Top of Data provided
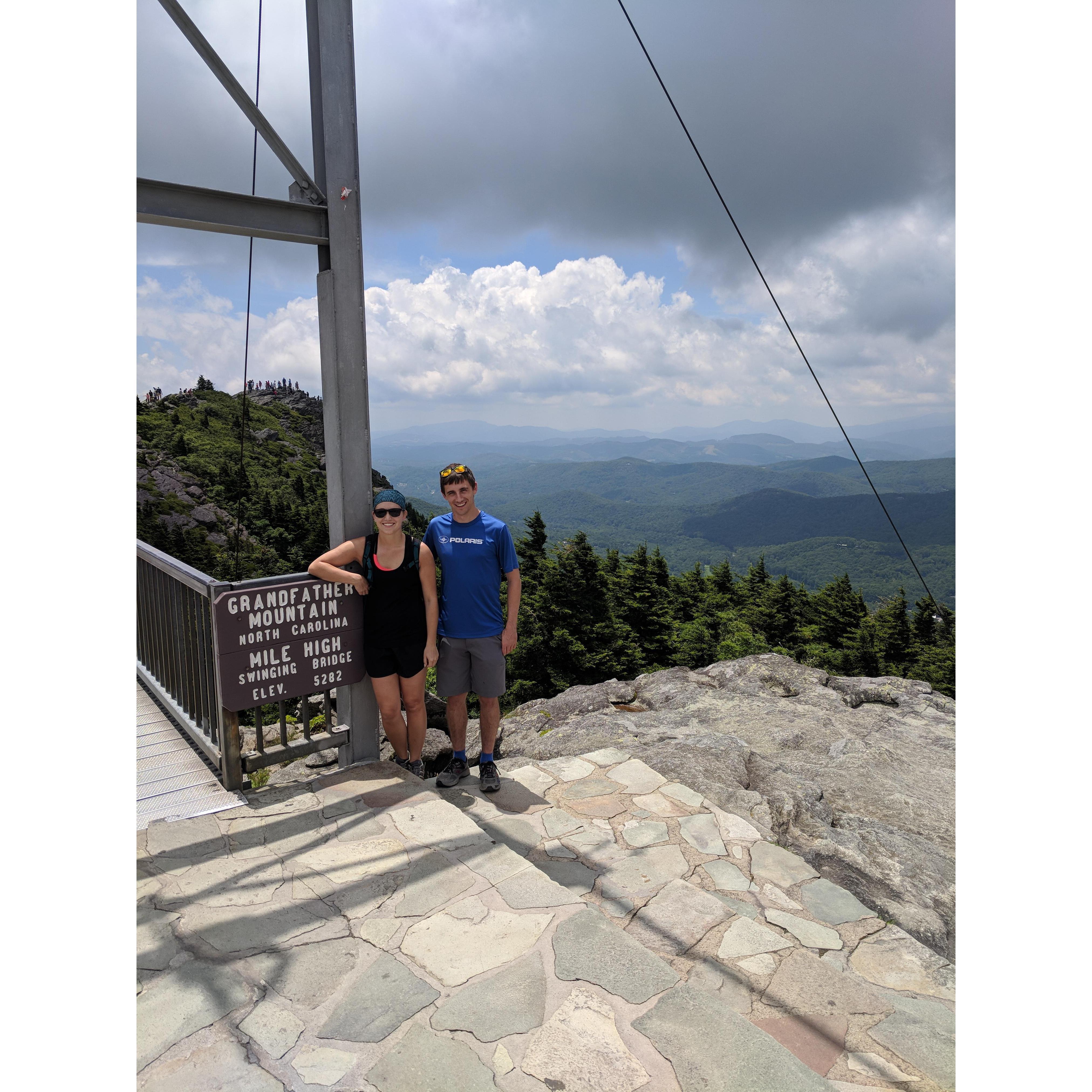 Allison's first month in NC. Grandfather Mountain Hike in the Blue Ridge Mountains - June 2018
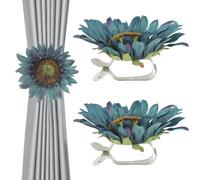 DECHOUS Sunflower Curtain Tie Backs: 2 Pack Curtain Clip Tie Backs - Decorative Flower Window Drapes Holdback Buckles for Home Living Room Bedroom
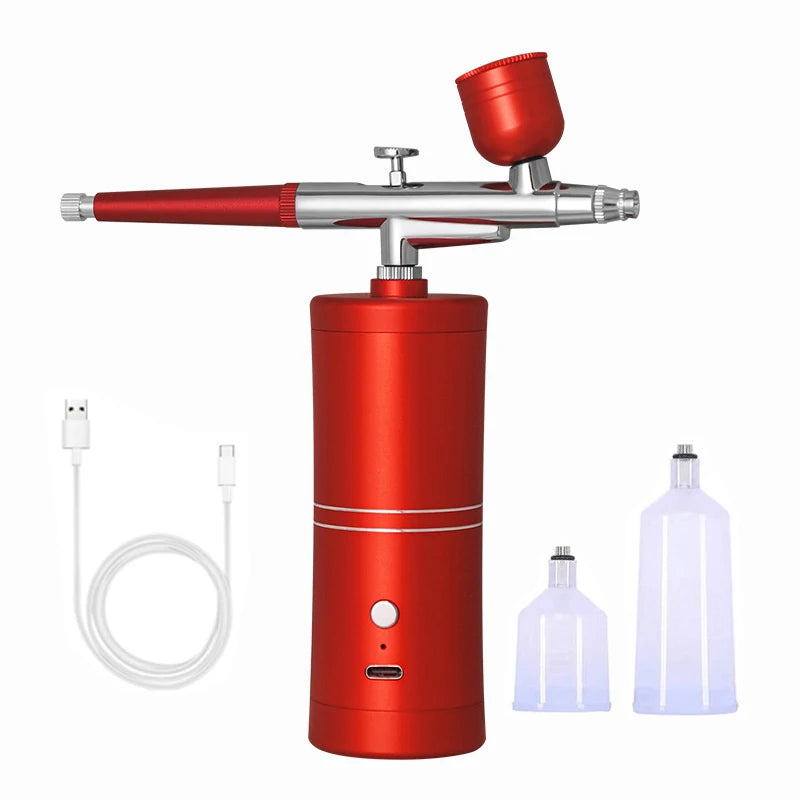 Airbrush Nails with Compressor Portable Airbrush For Nails Art Paint Craft Cake Decoration Nano Steam Gun Spray Compressor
Bottom of Data provided
| Exercise aim |
Since only the text is needed, retype the data above exactly and omit the pictures.

| Result of this exercise |
 Allison's first month in NC. Grandfather Mountain Hike in the Blue Ridge Mountains - June 2018
 DECHOUS Sunflower Curtain Tie Backs: 2 Pack Curtain Clip Tie Backs - Decorative Flower Window Drapes Holdback Buckles for Home Living Room Bedroom
 Airbrush Nails with Compressor Portable Airbrush For Nails Art Paint Craft Cake Decoration Nano Steam Gun Spray Compressor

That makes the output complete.